- Directions -
Once the line holding "Wohnbauflächen in 8181" appears, repeat it and each line after it to the end of the data, exactly and with nothing else; pictures stay out.

- Given records -
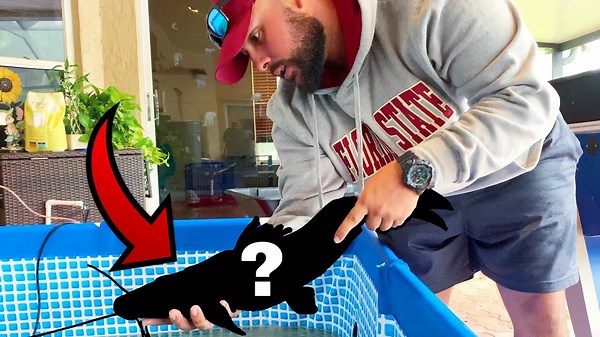 Transporting a River Monster to Its New Pool Home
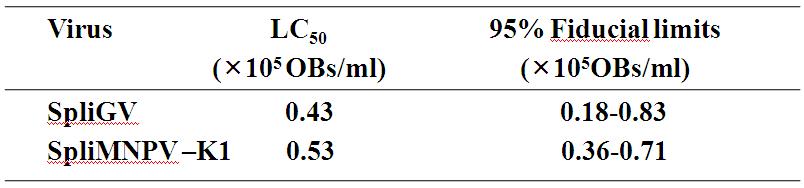 담배거세미나방에 대한 SpliGV와 SplilNPV-K1의 반추치사농도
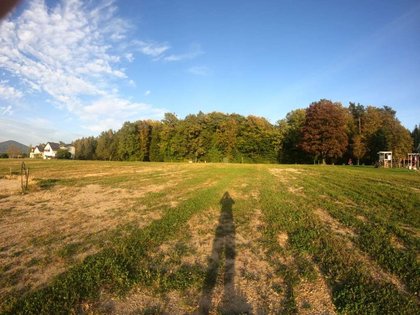 Wohnbauflächen in 8181 Mitterdorf an der Raab, Steiermark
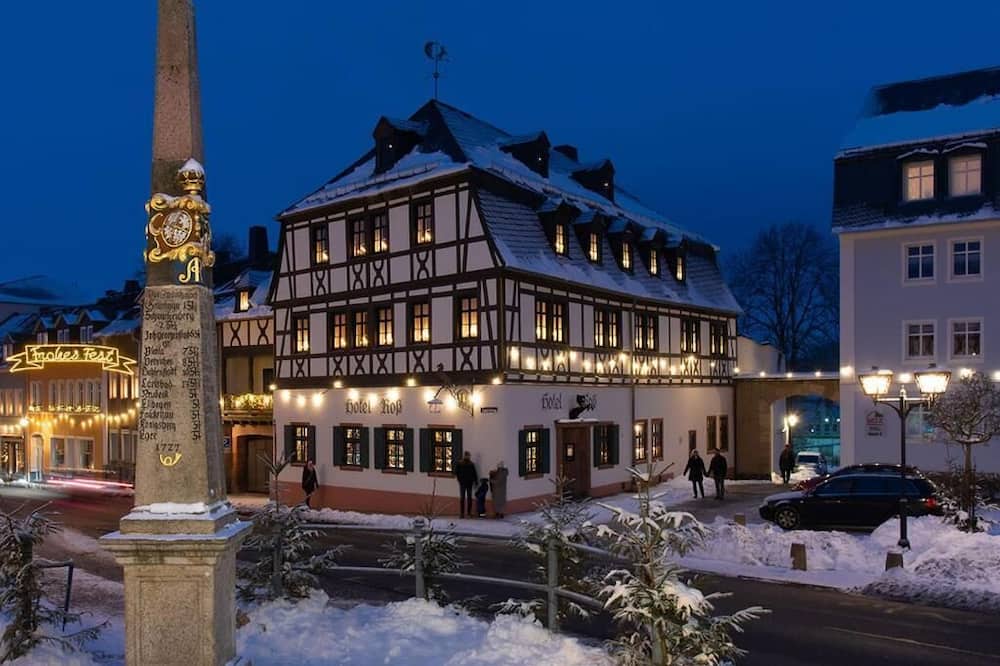 Hotel Roß
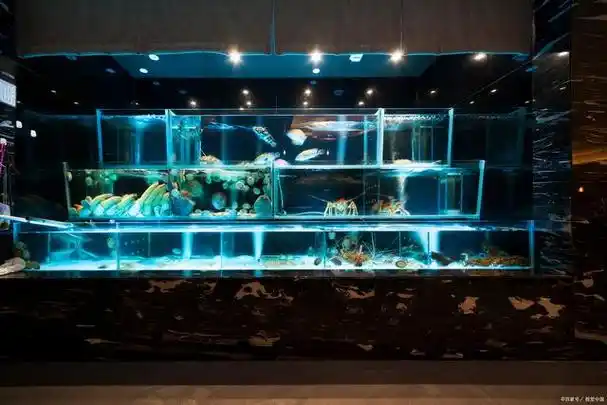 海鲜池的设计和结构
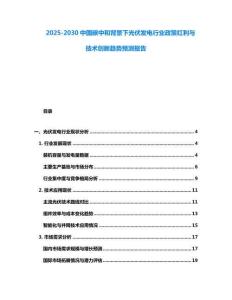 2025-2030中國碳中和背景下光伏發電行業政策紅利與技術創新趨勢預測報告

- Output below -
 Wohnbauflächen in 8181 Mitterdorf an der Raab, Steiermark
 Hotel Roß
 海鲜池的设计和结构
 2025-2030中國碳中和背景下光伏發電行業政策紅利與技術創新趨勢預測報告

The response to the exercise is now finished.